2021年2月16日、北部沿岸漁業において懸案事項となっていた当該漁業規則改正の法案が下院第1読会で承認されており、現在、同院第2読会の準備中となっている。
改正法案は、沿岸漁業において、洋上での一次処理を認め、冷凍処理のみ禁止することとしている。
2019年1月1日、沿岸漁業向け漁獲割当を利用する場合の規則が発効、当該規則では、漁獲された水棲生物資源は生鮮の状態で、ロシアの沿岸に陸揚げすること等を義務付けしており、洋上での加工、直接輸出は認められなくなった。
2020年秋には、ロシア北部漁船50隻の内40隻が、沿岸漁業規則の矛盾により漁業を停止、原料不足により連動して、一時、陸上の3施設の水産加工場の稼働が止まる事態が発生した。
2020年11月、ロシア北部漁業者の操業に支障をきたしている問題を解決すべく、沿岸漁業規則を変更する漁業関連法案が上院に提出されたが、漁獲物の内臓除去、血抜き処理をすることが許可されることを規定、修正部分は2022年7月1日に発効することとなったものの、規則改正案に頭部除去の規定が漏れていることが分かった。

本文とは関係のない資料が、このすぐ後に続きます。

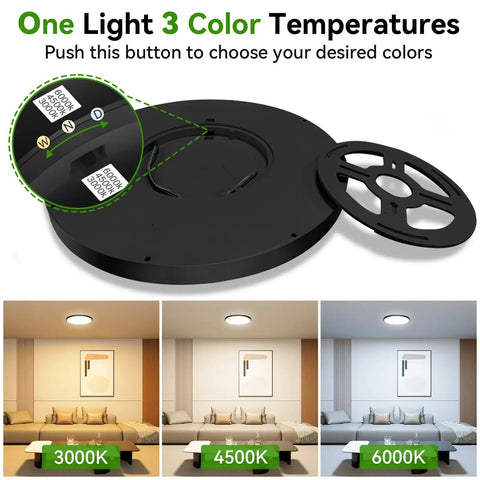 Nine Inch LED Ceiling Light Flush Mount Dimmable 3CCT 3000K 4500K 6000K 2800LM For Kitchen Bedroom Living Room Black Pack Of Six Ultra Bright Energy Efficient Low Profile Design showing 3 color temperatures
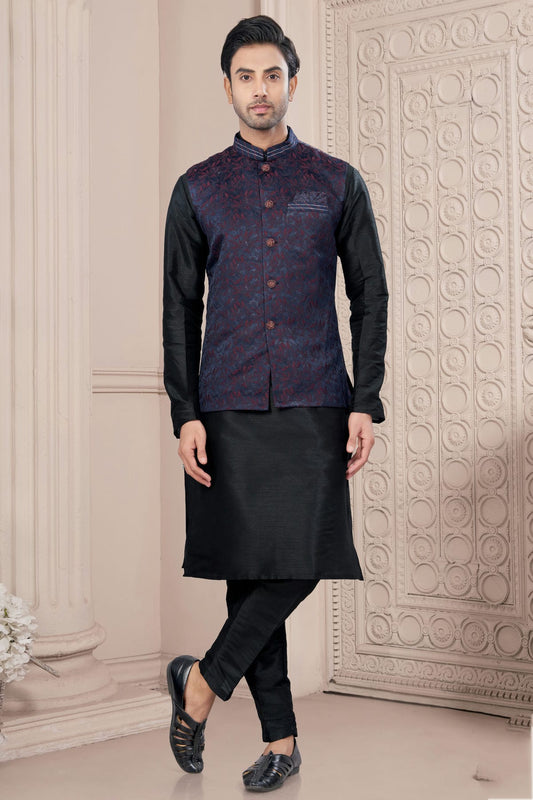 Black Colour Silk Dupion Jacket Kurta Pajama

更に、法案では2022年7月1日まで、頭部の除去を認めると同時に、この場合、それを沿岸に持ち帰ることを規定するもので、完全に問題が解決されるものではないことが指摘されていた。
これを受け、北部海域沿岸漁業の問題を解決するための新たな修正法案が、上下院議員から下院に提出された。
これは、連邦漁業法第20条において、沿岸漁業を行う場合、水棲生物資源の漁獲物から一次処理を行うことを許可する旨を補足する法案となっている。
ただし、法案は第2読会までに修正される可能性がある。
当該下院第1読会の前日2月15日、上院での会議において、ロシア農業省漁業局長イヴゲニー・カッツは、この法案について、交錯している矛盾を排除し、用語の明確化が必要だと指摘している。
また、ロシアFSB国境警備庁は、沿岸漁業向け漁獲割当利用者のリスト承認、そして小売までの製品供給に関する義務規定を法案に追加するよう求めている。
北部漁業者業界団体は、当該海域での操業実態において、鮮度保持の観点から、洋上での一次加工なしに、漁獲物製品を生鮮の状態で沿岸に供給することは不可能だと指摘、当該漁業の対象魚種のタラ類等は、速やかに内臓を除去し血抜きをしなければ寄生虫による危険性が高まることが理由だと主張してきた。